= Beginning of Section =

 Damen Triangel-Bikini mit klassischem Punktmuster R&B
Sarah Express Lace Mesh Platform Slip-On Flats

= End of Section =
= Beginning of Section =

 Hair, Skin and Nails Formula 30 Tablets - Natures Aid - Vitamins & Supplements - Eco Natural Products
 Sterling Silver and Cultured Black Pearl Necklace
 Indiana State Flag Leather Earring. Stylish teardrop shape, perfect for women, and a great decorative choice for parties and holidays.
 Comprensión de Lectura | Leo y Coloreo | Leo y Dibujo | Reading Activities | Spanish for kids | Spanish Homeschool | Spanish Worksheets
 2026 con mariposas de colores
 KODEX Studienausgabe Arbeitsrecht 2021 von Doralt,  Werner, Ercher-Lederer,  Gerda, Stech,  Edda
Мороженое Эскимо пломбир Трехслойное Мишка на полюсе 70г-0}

= End of Section =

▶ [The problem]:
Take the line above containing "Indiana State Flag", the line containing "Мороженое Эскимо пломбир", and all lines in between, and copy them exactly without anything else.

▶ [Solution to this exercise]:
 Indiana State Flag Leather Earring. Stylish teardrop shape, perfect for women, and a great decorative choice for parties and holidays.
 Comprensión de Lectura | Leo y Coloreo | Leo y Dibujo | Reading Activities | Spanish for kids | Spanish Homeschool | Spanish Worksheets
 2026 con mariposas de colores
 KODEX Studienausgabe Arbeitsrecht 2021 von Doralt,  Werner, Ercher-Lederer,  Gerda, Stech,  Edda
Мороженое Эскимо пломбир Трехслойное Мишка на полюсе 70г-0}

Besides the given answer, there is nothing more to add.